Assignment:
The answer must be an exact copy of the lines from the one containing "Stock market graph" through the end of the records, with the pictures left out.

***** Materials provided *****

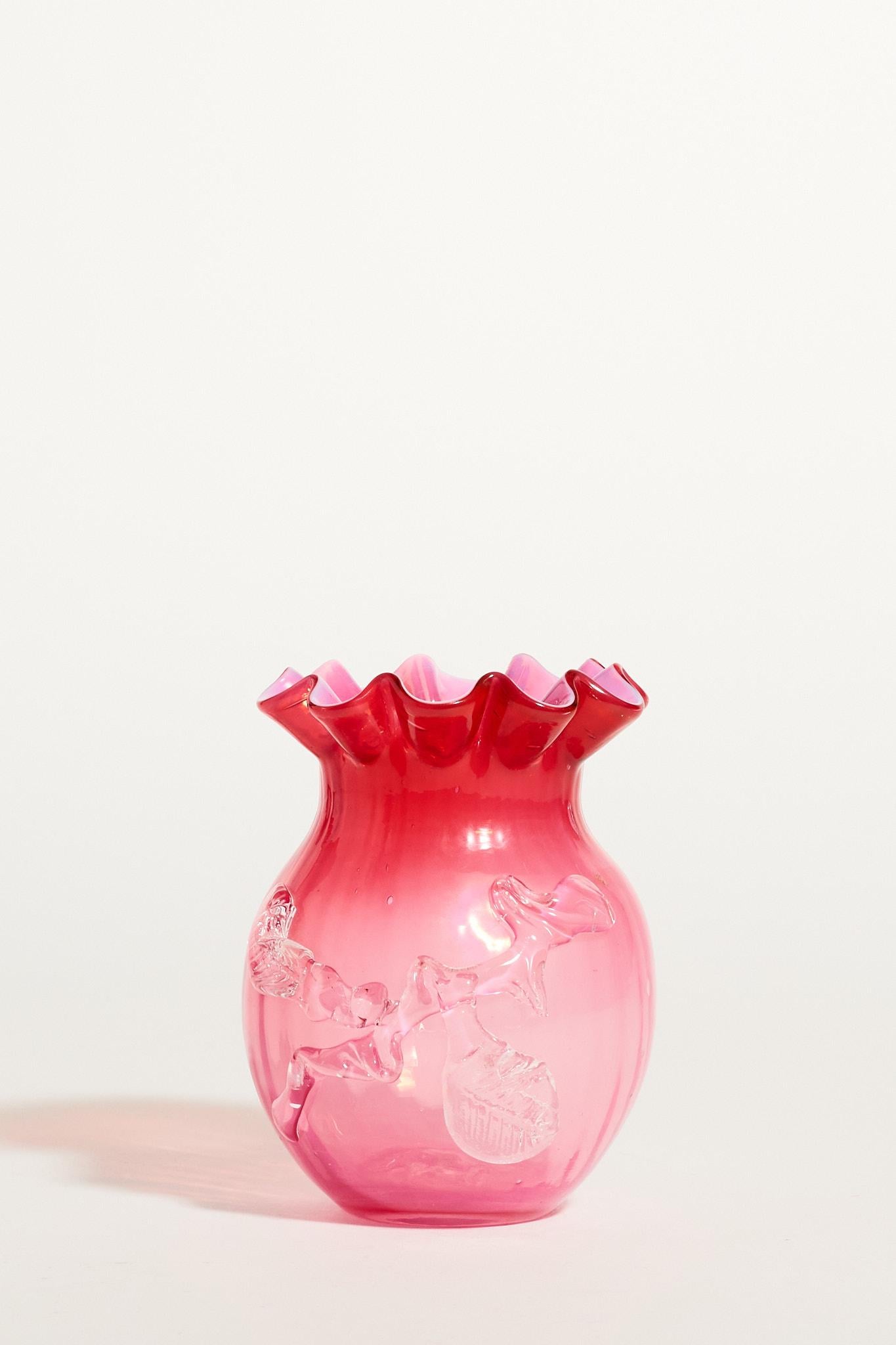 Ruffle rim bud vase with ombré cranberry pink to light pink glass.
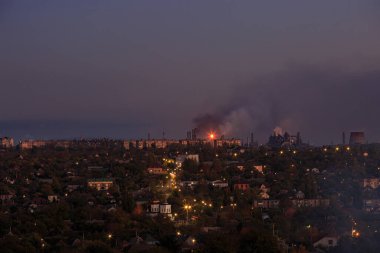 Dağlık bölgede fenerleri olan şehir. Gün batımı veya şafak vakti gökyüzü olan.
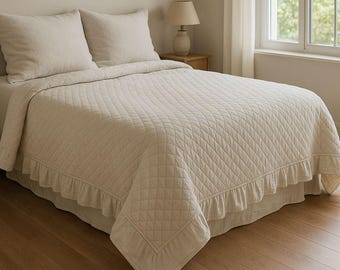 Könnte beinhalten: Eine cremefarbene Tagesdecke mit einem gesteppten Rautenmuster und Rüschenkanten. Zwei passende Kissen liegen auf dem Bett. Das Bett steht in einem hellen Raum mit Holzboden und Fenster.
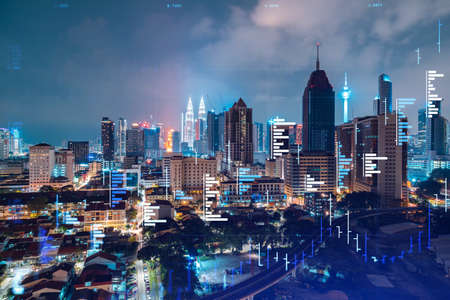 Stock market graph hologram night panorama city view of kuala lumpur kl is popular location to gain financial education in malaysia asia the concept of international research double exposure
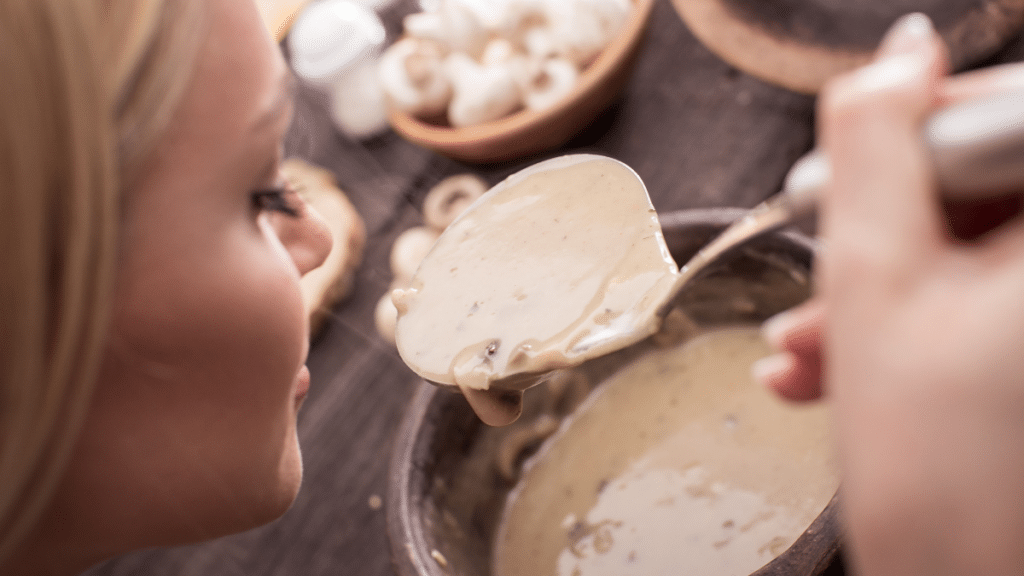 woman eating mushroom soup - mushrooms for weight loss 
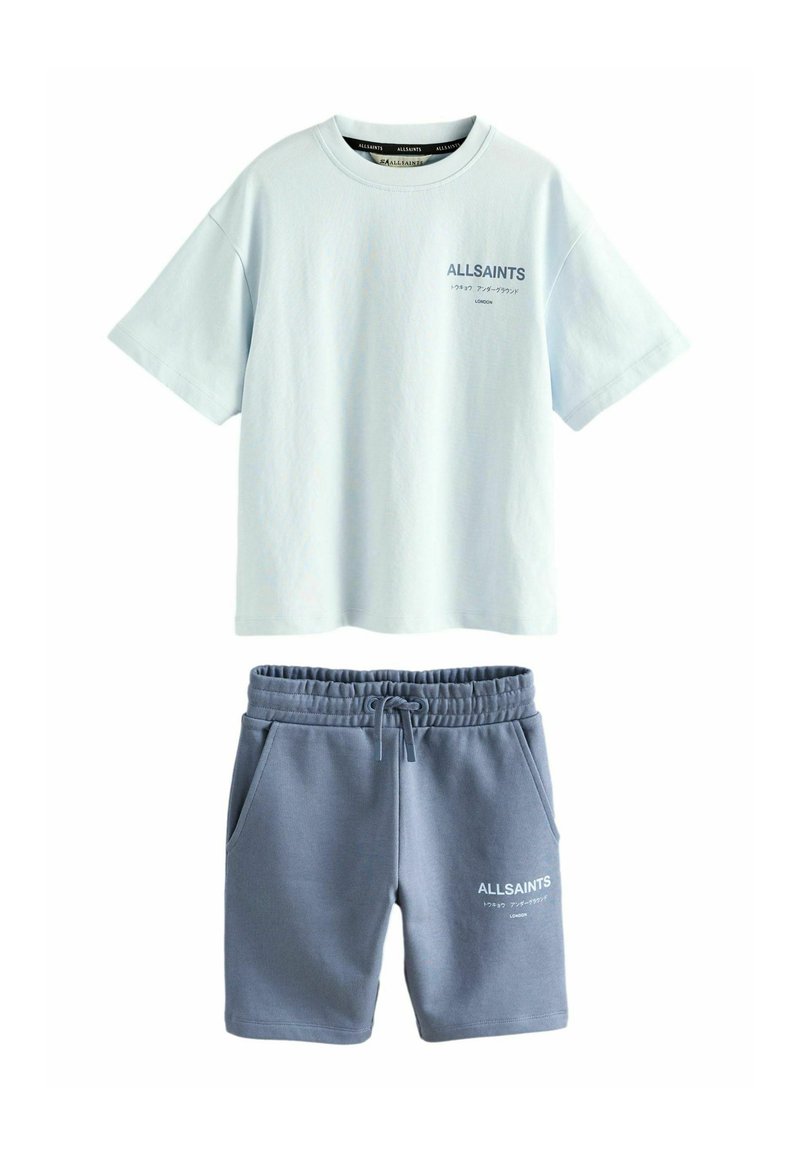Ljusblå bomullströja med korta ärmar och en logotyp, i kombination med grå bomullsshorts med fickor och elastisk midja.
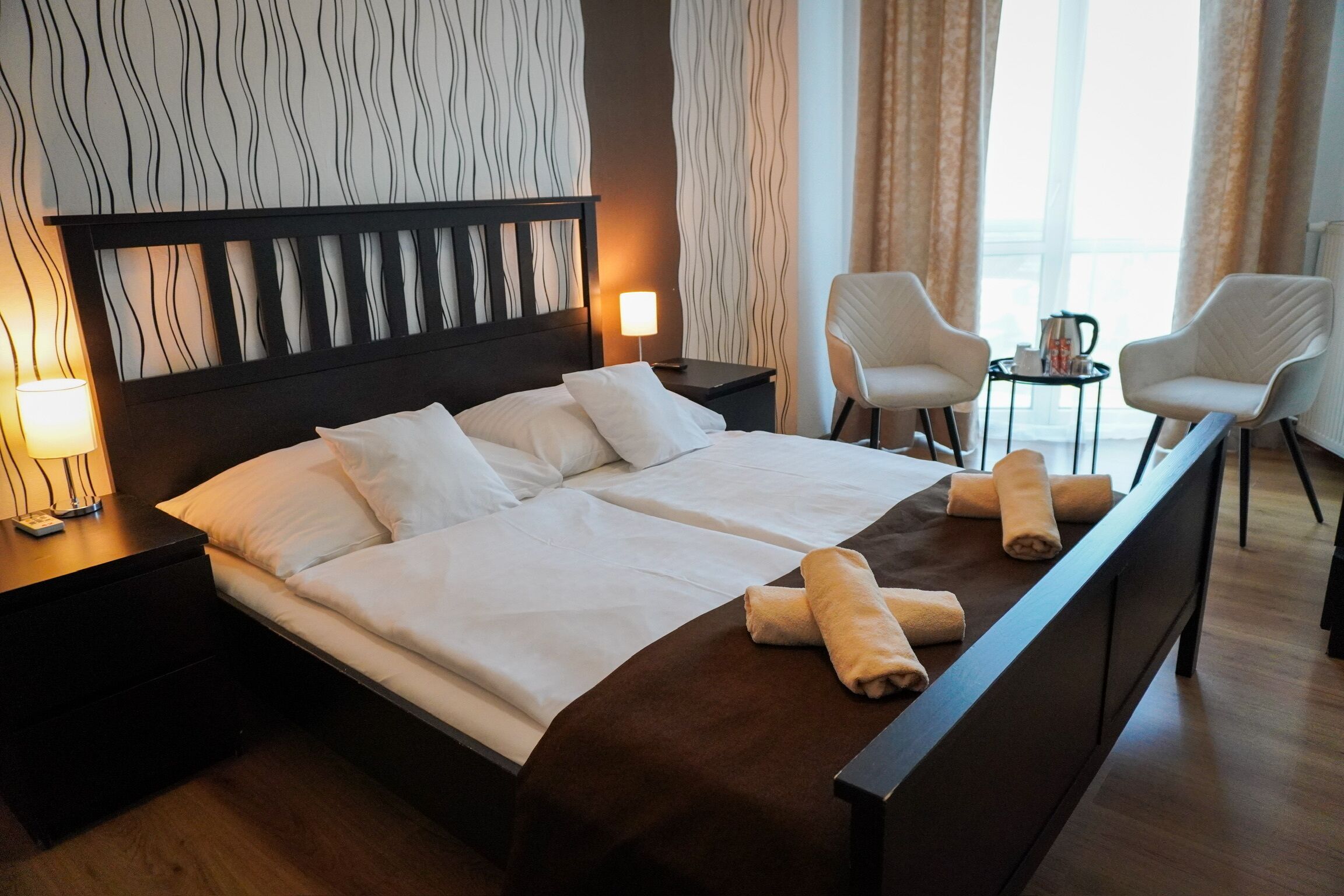 Habitación de hotel con una cama grande, dos mesitas de noche, un escritorio con sillas y vistas al exterior a través de cortinas.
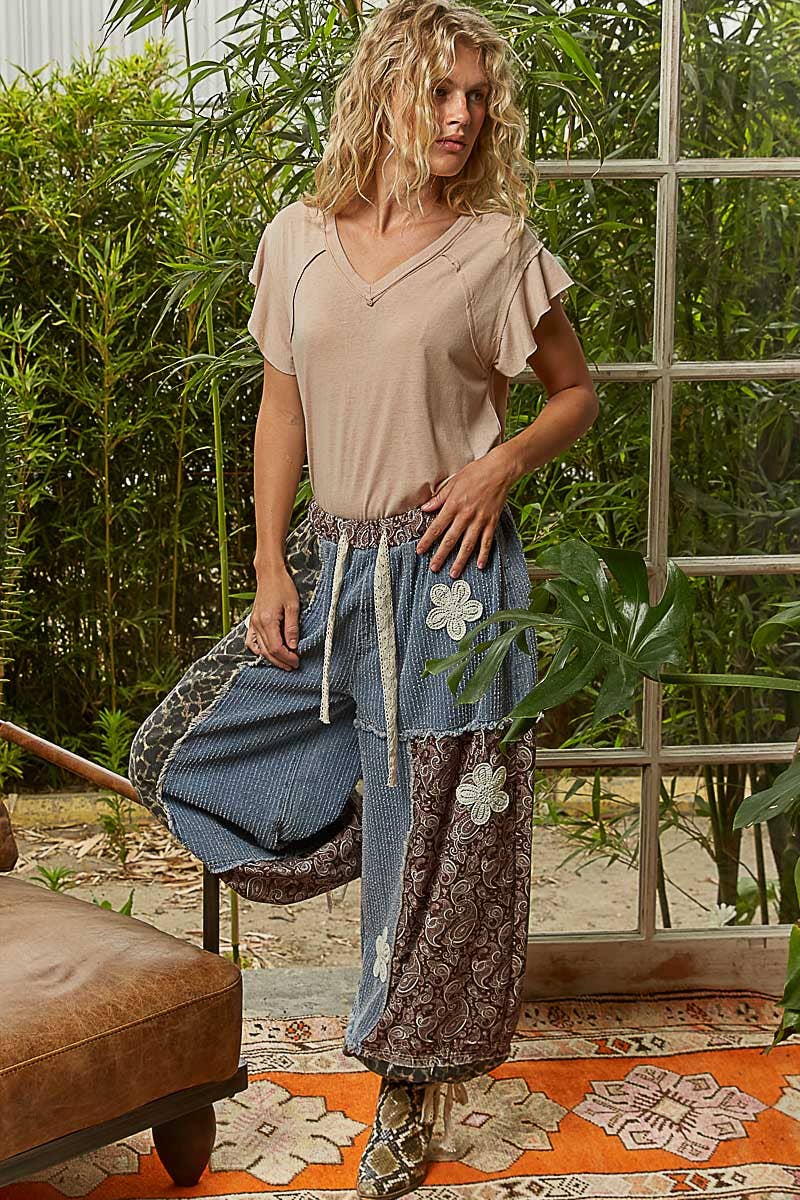 Woman in a casual outfit standing in a garden with plants and a window in the background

*****

Task response:
 Stock market graph hologram night panorama city view of kuala lumpur kl is popular location to gain financial education in malaysia asia the concept of international research double exposure
 woman eating mushroom soup - mushrooms for weight loss 
Ljusblå bomullströja med korta ärmar och en logotyp, i kombination med grå bomullsshorts med fickor och elastisk midja.
 Habitación de hotel con una cama grande, dos mesitas de noche, un escritorio con sillas y vistas al exterior a través de cortinas.
 Woman in a casual outfit standing in a garden with plants and a window in the background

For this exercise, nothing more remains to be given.